[Excerpts from a dataset]
*** Begin section ***
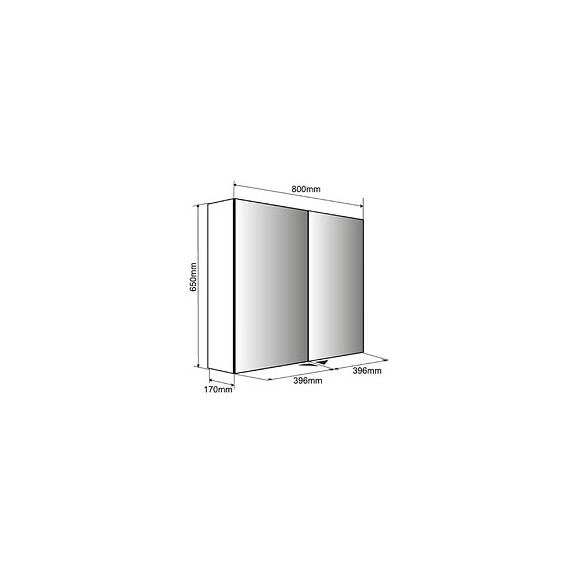 Armoire De Toilette Miroir 80 Cm - 2 Portes - Oslo - Allibert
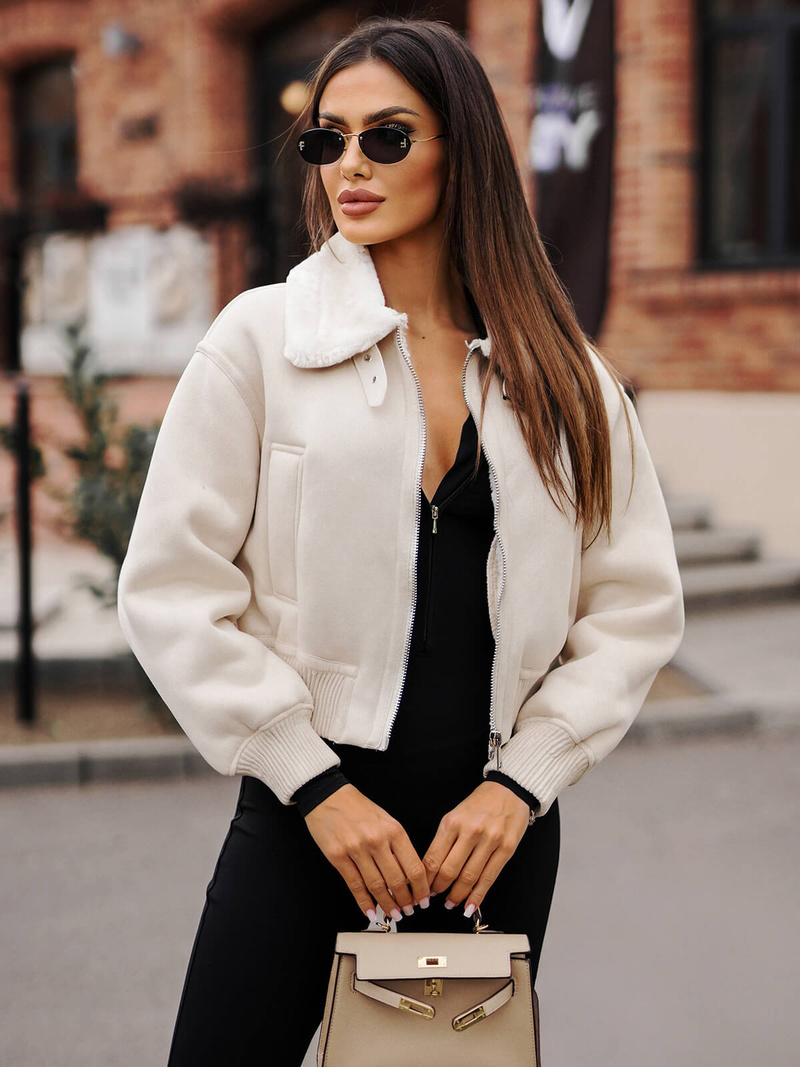 Dámska bunda ecru OZONEE O/81326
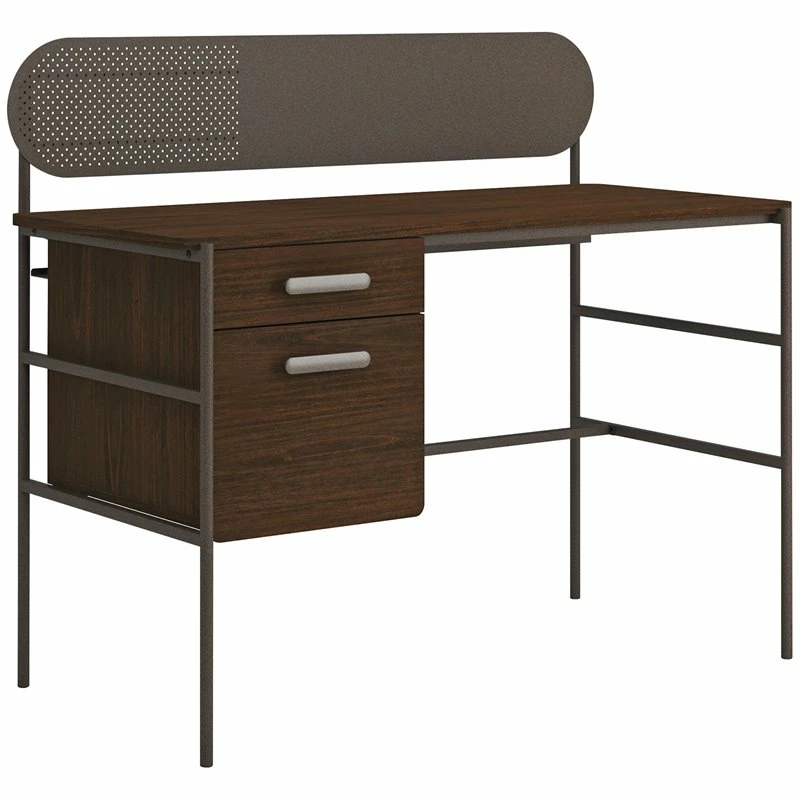 Sauder Radial Engineered Wood Writing Desk In Umber Wood/Brown 3 Sauder Radial Engineered Wood Writing Desk In Umber Wood/Brown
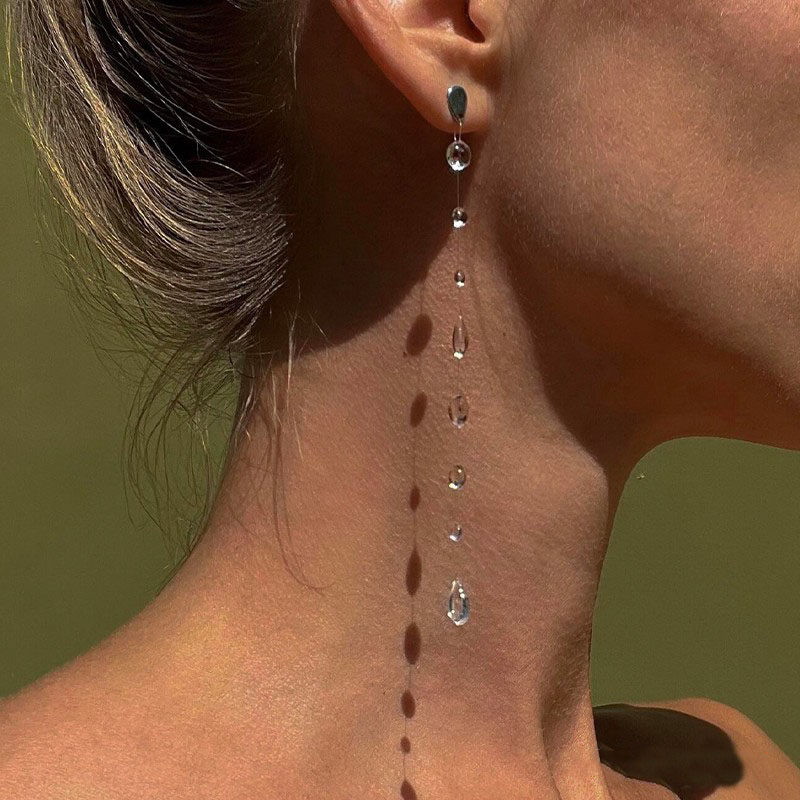 透明水滴流苏项链女士2025新爆款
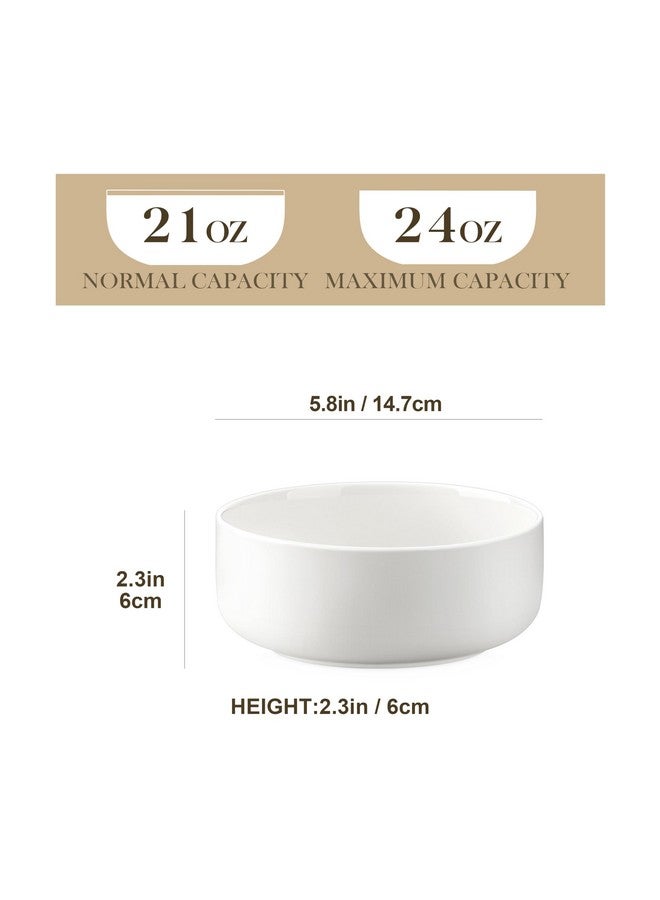 MALACASA 24 OZ Cereal Bowls, Porcelain Soup Oatmeal Bowls Kitchen Ceramic Bowls Set of 4 Dishwasher Microwave Oven Safe, White, Series LUNA - Image 2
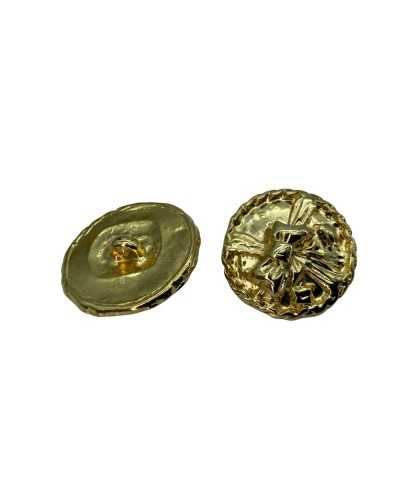 Round Metal Button Slot Shank Model Gold Bow Measure 2 Cm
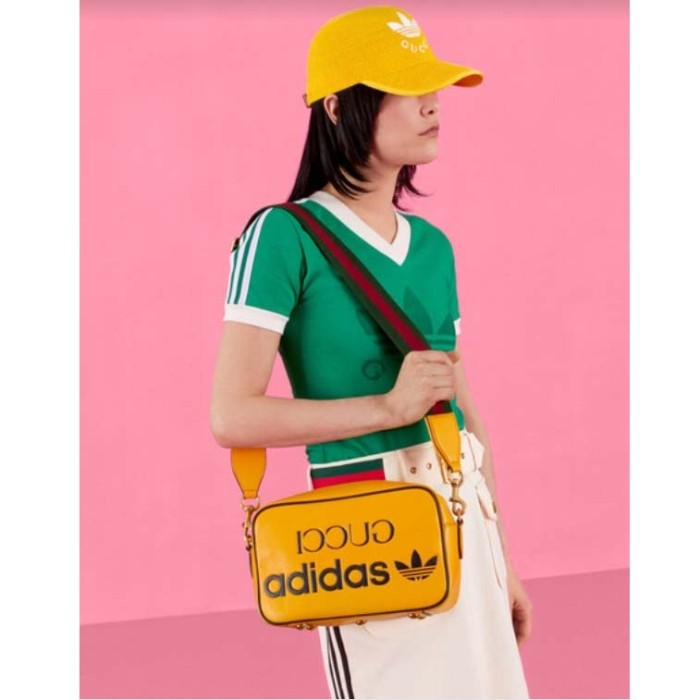 Gucci Unisex Adidas x Gucci Small Shoulder Bag Yellow Leather Interlocking G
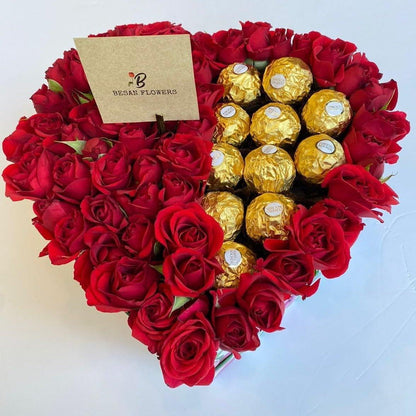 Red Roses Sweet Heart box - Besan Flowers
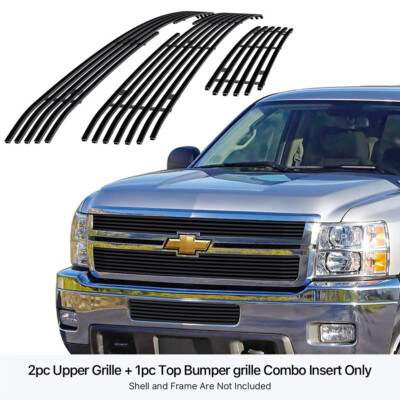 Fits 11-14 Chevy Silverado 2500HD/3500HD Black Billet Grille Grill Insert Combo 348961580392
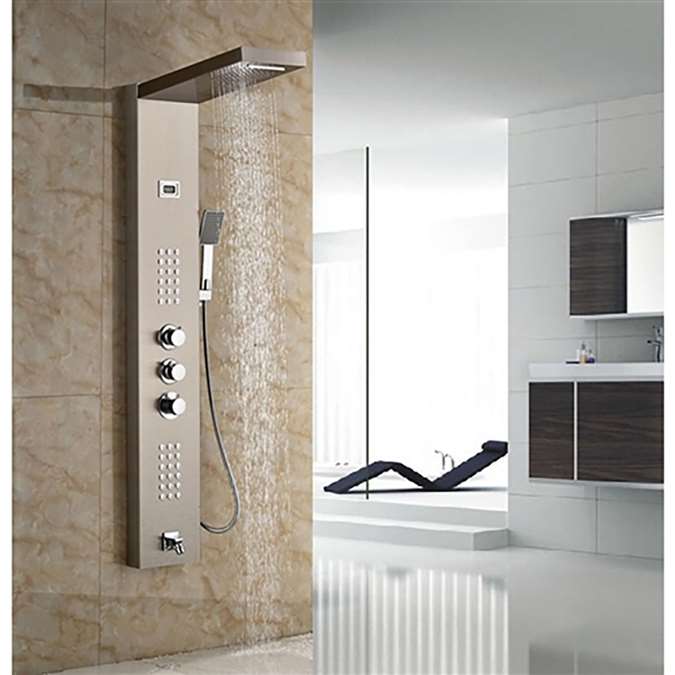 Bath Rainfall&Waterfall Shower Panel Wall Mount Brushed Nickle Thermostatic Shower Set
*** End section ***
Verbatim, write out the line containing "Gucci Unisex Adidas" and all later lines through the end of the records, leaving every picture out.

 Gucci Unisex Adidas x Gucci Small Shoulder Bag Yellow Leather Interlocking G
 Red Roses Sweet Heart box - Besan Flowers
 Fits 11-14 Chevy Silverado 2500HD/3500HD Black Billet Grille Grill Insert Combo 348961580392
 Bath Rainfall&Waterfall Shower Panel Wall Mount Brushed Nickle Thermostatic Shower Set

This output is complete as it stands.